On Reddit, people often share their experiences across multiple comments or posts. To make this information more accessible, our AI gathers all of those scattered pieces into a single, easy-to-read summary and timeline. All system prompts are noted on the prompts page.

Sometimes AI can hallucinate or state things that are not true. But generally, the summarised stories are accurate reflections of the original comments by users.
Authenticity Assessment: Not Suspicious

Based on the provided comments, the account appears authentic.

There are no serious red flags suggesting it is a bot or inauthentic. The user's story is detailed, personal, and consistent across multiple posts, focusing on their specific experience with trauma as a root cause for their gender dysphoria and subsequent desisting. The passion and anger directed at "gender-affirming care" and "extremist trans ideologists" are consistent with the genuine perspectives found in the detrans community.

About me

I was born male, and my journey started with deep trauma and humiliation from being forced to cross-dress as a child. I later believed I was trans as a way to escape that pain, and a therapist even encouraged me to transition without addressing my past. Thankfully, I found a trauma specialist who helped me see my dysphoria was really a coping mechanism for unhealed pain. I chose to desist, which was about taking control of my life back from my trauma. Now I am just a man finally healing and living in truth, free from any labels.

My detransition story

My journey started with a lot of pain that I didn't understand. Looking back, I now see that my desire to transition was a way to cope with deep-seated trauma, not a true identity. I was born female, and from a young age, I experienced several traumatic events that shaped how I saw myself.
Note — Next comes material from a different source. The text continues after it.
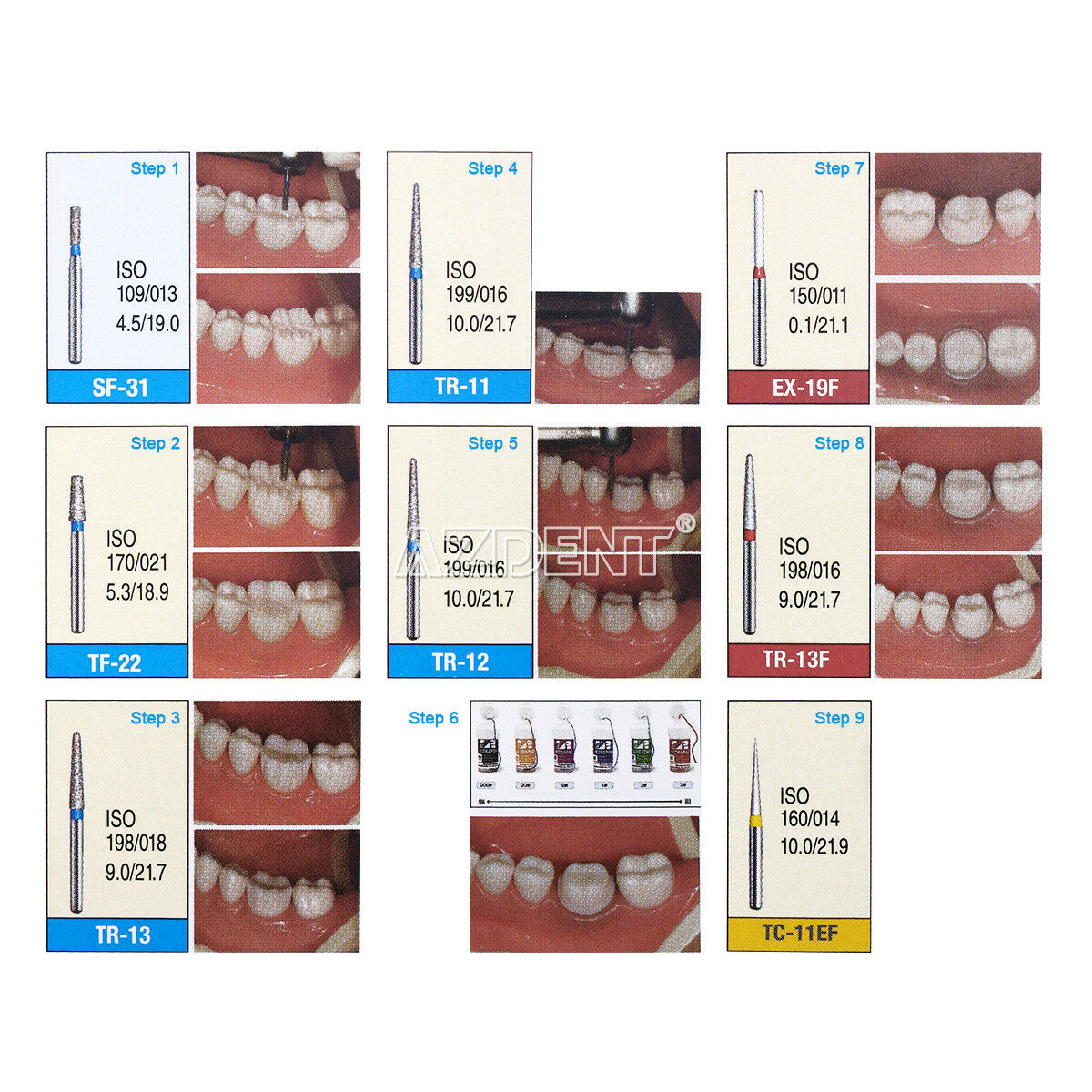 100 Boxes Dental Diamond Burs Set FG-113 FG Crown Preparation Molar Teeth Kit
The first major trauma was being raised in an environment filled with misandry, which gave me a deep-seated shame about being male. Then, when I was a child, I was forced to cross-dress and then publicly humiliated in front of my family for it. The mental abuse that followed was constant; my family wouldn't let me forget it and used it to punish me. To cope with the PTSD from all of this, I developed a serious porn addiction. This started with cross-dressing themes and eventually escalated into trans-themed content. Later in my life, after a separate physically traumatic surgery, these feelings intensified and pushed me hard toward believing I was trans.

I was deeply depressed, had terrible anxiety, and my self-esteem was non-existent. I now see my "dysphoria" as a form of body dysmorphia and a way to escape from myself. I hated the male aspects of my body and wanted to get rid of them. I truly believed that transitioning was the only way to be happy. I found a gender-affirming therapist, but that was a huge mistake. She refused to talk about my trauma. Her exact words were, "Why deal with your trauma? Just transition and be happy." She was there to fast-track me, not to help me heal.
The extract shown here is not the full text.